The Dutch Foundation for Market Information Research (SOMI) filed four cross-border class actions in Germany against TikTok and X. Announced Wednesday, the multi-billion-euro lawsuits seek injunctive relief and damages for violations of German and EU law, particularly the Digital Services Act (DSA), General Data Protection Regulation (GDPR) and AI Act (AIA). Leipzig, Germany-based law firm Spirit Legal announced the suits.

The European Commission published guidelines on prohibited AI practices under the European Union’s AI Act, the EC said Tuesday. The law’s AI prohibitions took effect Sunday (see 2501070022).

The Slovenian Information Commissioner Monday launched the "Become a Privacy PRO (tector)" project, an effort to raise awareness of personal data protection among children, young people and their caregivers.

The Policy Data Protection Authority fined medical center Centrum Medyczne Ujastek around $278,000 for installing imaging devices that recorded in two rooms of the neonatology branch. The authority said the center breached applicable regulations, didn't inform patients and staff about the recordings, and used unencrypted memory cards, which were later stolen. The monitoring recorded a picture showing newborns and their mothers during intimate activities such as feeding, the regulator said.

French data protection authority CNIL Friday published the final version of its guide on impact assessment of data transfers.
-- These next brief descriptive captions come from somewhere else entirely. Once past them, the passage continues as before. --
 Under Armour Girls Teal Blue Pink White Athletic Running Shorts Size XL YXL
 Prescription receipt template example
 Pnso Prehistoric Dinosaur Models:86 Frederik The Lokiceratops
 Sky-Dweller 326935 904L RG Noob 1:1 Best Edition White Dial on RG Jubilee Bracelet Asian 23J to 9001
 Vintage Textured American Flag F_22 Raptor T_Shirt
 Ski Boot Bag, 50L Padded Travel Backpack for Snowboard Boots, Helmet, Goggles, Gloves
The guide aims to ensure that companies ensure the same level of protection as the General Data Protection Regulation (GDPR) in their data flows.

Poland wants closer ties with the ITU as the nation begins its EU Council presidency (Jan. 1 - June 30), Secretary of State Michal Gramatyka, Ministry for Digital Affairs, said at the recent Data Protection Day conference in Brussels. This initiative has implications for privacy and data protection issues and policies, Gramatyka wrote in an email Friday.

Social media networks have adopted between 44% and 76.5% of practices recommended for complying with the General Data Protection Regulation's data subject access rules, French privacy watchdog CNIL said Thursday in an unofficial translation.

The European Court of Justice's General Court ruled Wednesday that the Irish Data Protection Commission (DPC) acted unlawfully when it refused to investigate a complaint from Noyb, the Austrian privacy organization. The ruling was issued in Data Protection Commission v. European Data Protection Board (joined cases T‑70/23, T‑84/23 and T‑111/23).

The Catalan (Spain) Data Protection Authority Tuesday published its methodology for fundamental rights impact assessments. It aims to give AI providers and deployers an "effective tool to develop trustworthy and human-centered AI solutions," the watchdog said.